TASK STATEMENT: Among the lines below, output only those between the line holding "Parat 5990838991 PARABELT" and the line holding "Silver Sands Beach - Residential", inclusive, exactly as written and with no pictures.

EXERCISE DATA:

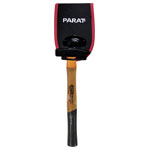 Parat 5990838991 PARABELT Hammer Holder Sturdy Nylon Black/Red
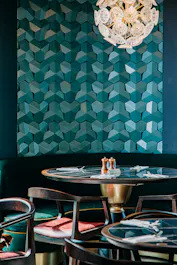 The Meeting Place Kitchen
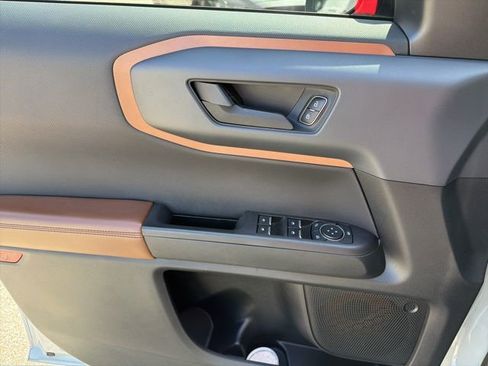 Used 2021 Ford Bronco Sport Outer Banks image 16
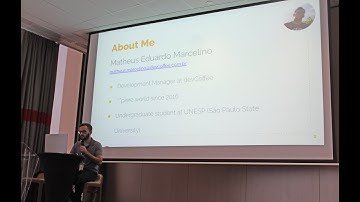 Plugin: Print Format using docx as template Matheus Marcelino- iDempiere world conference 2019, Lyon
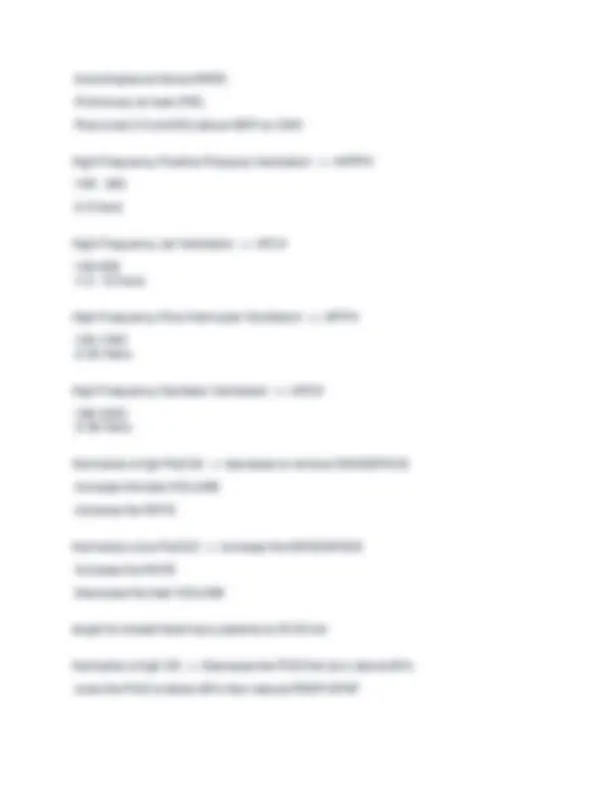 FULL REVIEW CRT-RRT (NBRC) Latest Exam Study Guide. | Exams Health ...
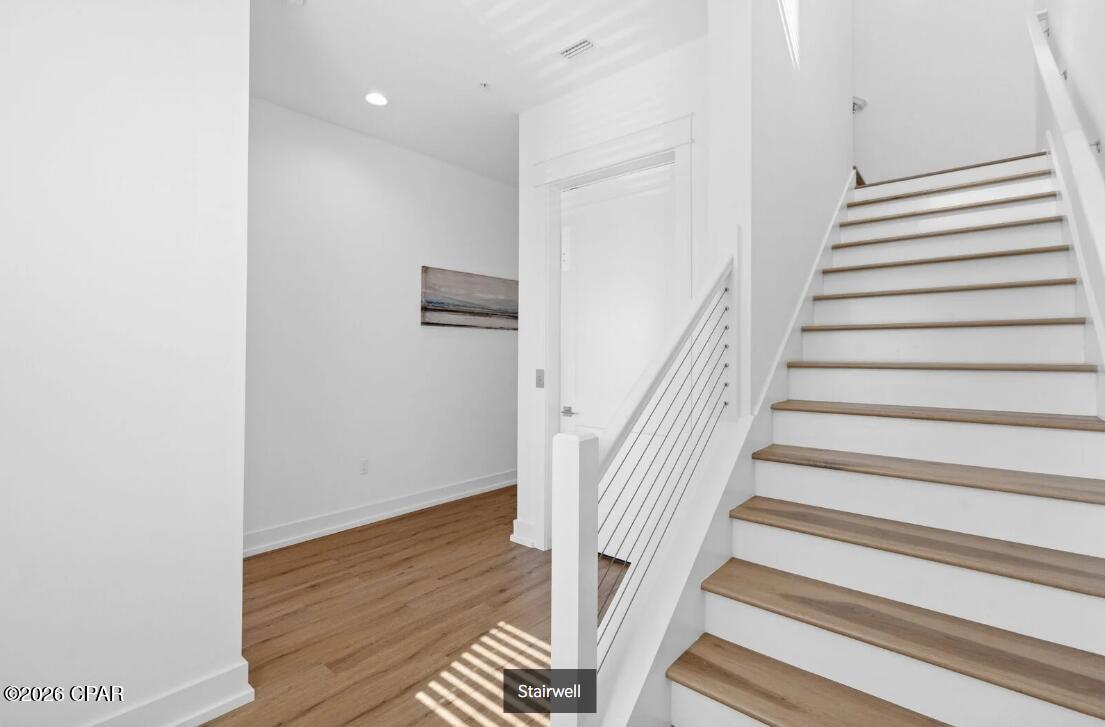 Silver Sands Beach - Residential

---

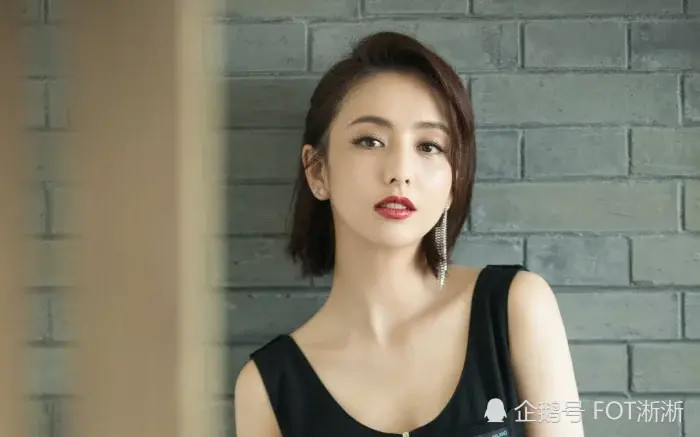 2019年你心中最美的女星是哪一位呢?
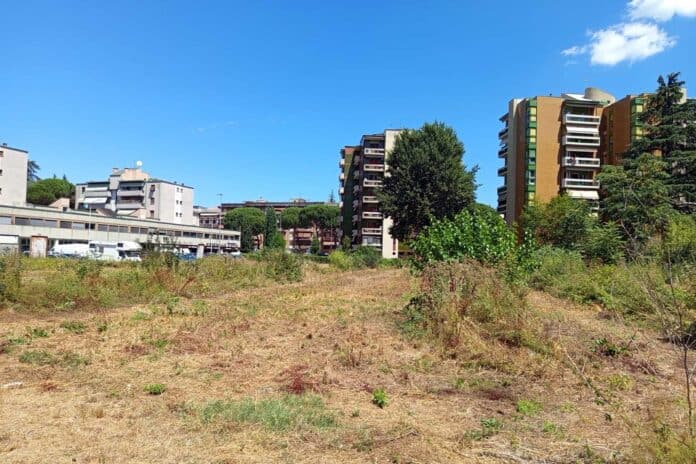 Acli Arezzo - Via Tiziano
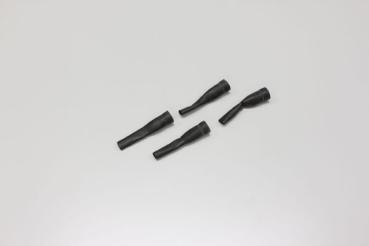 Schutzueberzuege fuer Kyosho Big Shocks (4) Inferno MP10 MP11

RESULT FOR THIS TASK:
 Parat 5990838991 PARABELT Hammer Holder Sturdy Nylon Black/Red
 The Meeting Place Kitchen
 Used 2021 Ford Bronco Sport Outer Banks image 16
 Plugin: Print Format using docx as template Matheus Marcelino- iDempiere world conference 2019, Lyon
 FULL REVIEW CRT-RRT (NBRC) Latest Exam Study Guide. | Exams Health ...
 Silver Sands Beach - Residential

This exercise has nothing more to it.